SITE OF INOCULATION AND STAGE OF PLANT DEVELOPMENT DETERMINE SYMPTOM TYPE AND EXPRESSION IN BRASSICA JUNCEA FOLLOWING INFECTION WITH ALBUGO CANDIDA
P. Kaur, K. Sivasithamparam, M.J. Barbetti
Investigations were carried out firstly to determine if there were any differences in symptom expression following spot inoculation of the cotyledons, leaf lamina or the growth apex at different stages of plant growth and, secondly, to determine the specific reproductive stage during development of Brassica juncea at which the flowers have to be inoculated with Albugo candida to maximise development of pod hypertrophies. Spot and growing point inoculations performed at the cotyledonary or true leaf stages caused clear differences in disease progression and severity of disease occurring at subsequent stages of plant growth. In this test, inoculations of only the growing points at the true leaf stage [GS 2.1] resulted in systemic pod hypertrophies.

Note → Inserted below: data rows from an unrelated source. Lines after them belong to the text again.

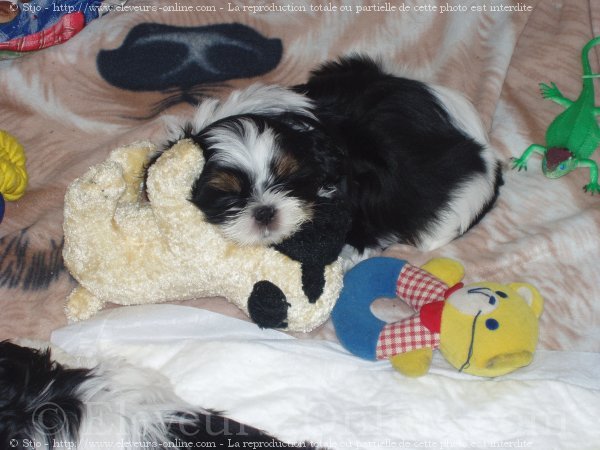 Photo de Shih tzu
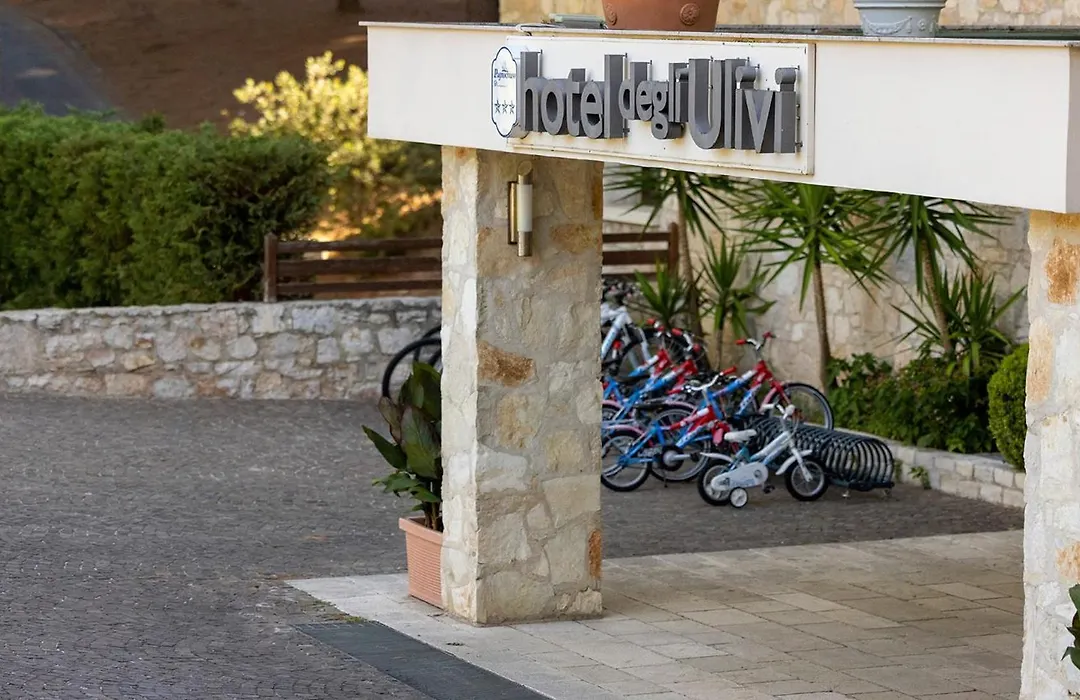 Hotel Degli Ulivi-1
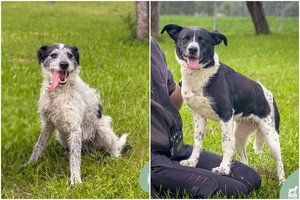 Prieglaudoje užsibūti nenorintis brolis ir sesuo laukia nuostabių žmonių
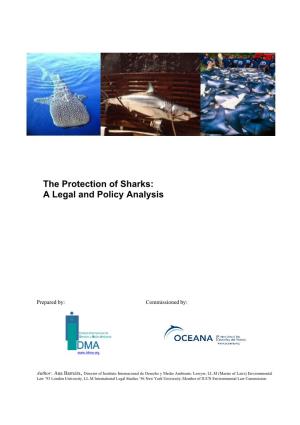 The Protection of Sharks: a Legal and Policy Analysis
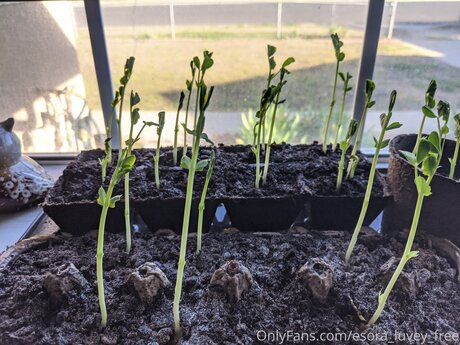 Esora Luvey Free model naked photos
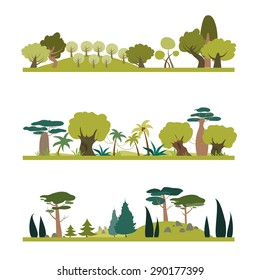 Set of different trees species . Coniferous, tropic, deciduous. Vector isolated illustration in flat style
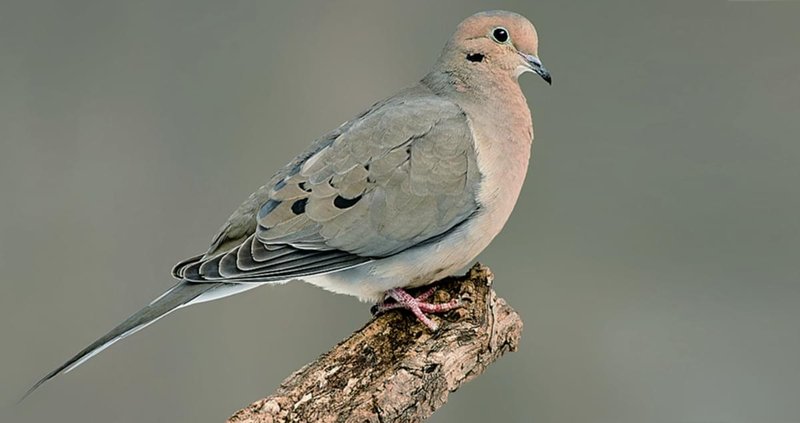 The Evolution And History Of The Mourning Dove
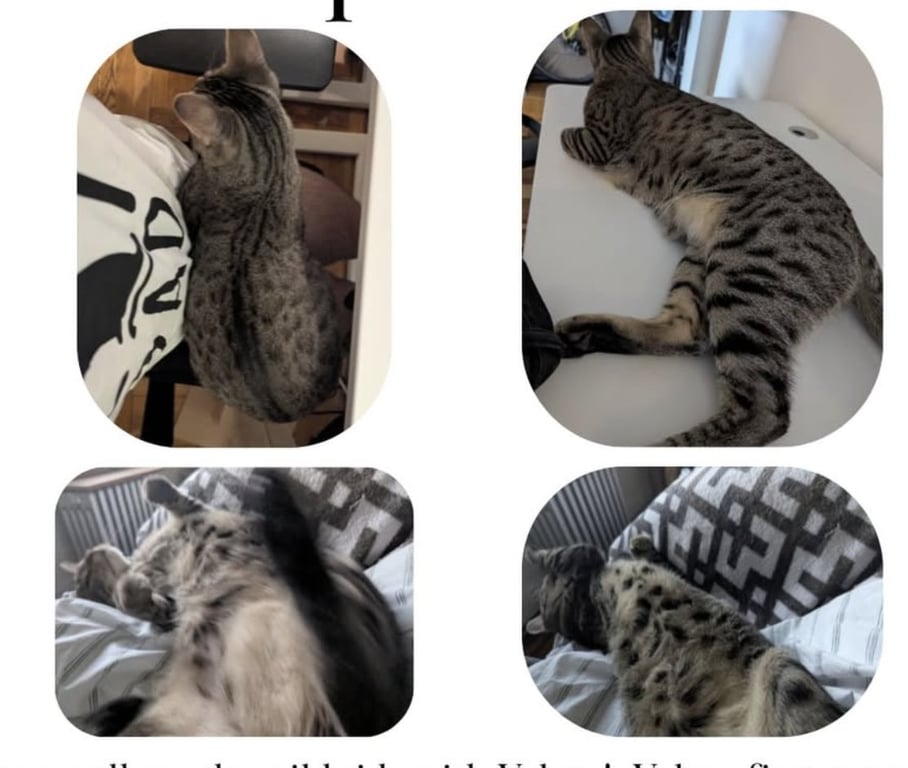 Velcro Image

However, among the different reproductive stages tested, only inoculations of flower buds just changing colour [GS 3.3] or just opening flowers [GS 4.1] resulted in pod hypertrophies. Earlier or later inoculations of flower buds or flowers failed to result in pod hypertrophies. These studies have defined, for the first time, the particular reproductive stages of plant development at which infection results in pod hypertrophies. They have also shown that, in relation to infections of shoot tissues, it is the inoculation of the growing point at the first true leaf stage that leads to systemic development of the disease, rather than inoculations of cotyledons or leaf laminae. The findings of this study indicate that fungicide applications, targeting these critical stages of early plant development, and the associated plant sites, and also flower buds changing colour and/or just opening, present the best opportunities for arresting infections that lead to systemic spread of the pathogen within the plant, thus minimizing the extent and severity of both leaf disease and pod deformations. These studies provide a basis for subsequent identification of the mechanisms controlling the systemic spread of A. candida within B. juncea. Once identified, such mechanisms could be exploited in developing and deploying new cultivars with improved resistance against both white rust leaf disease and pod hypertrophies.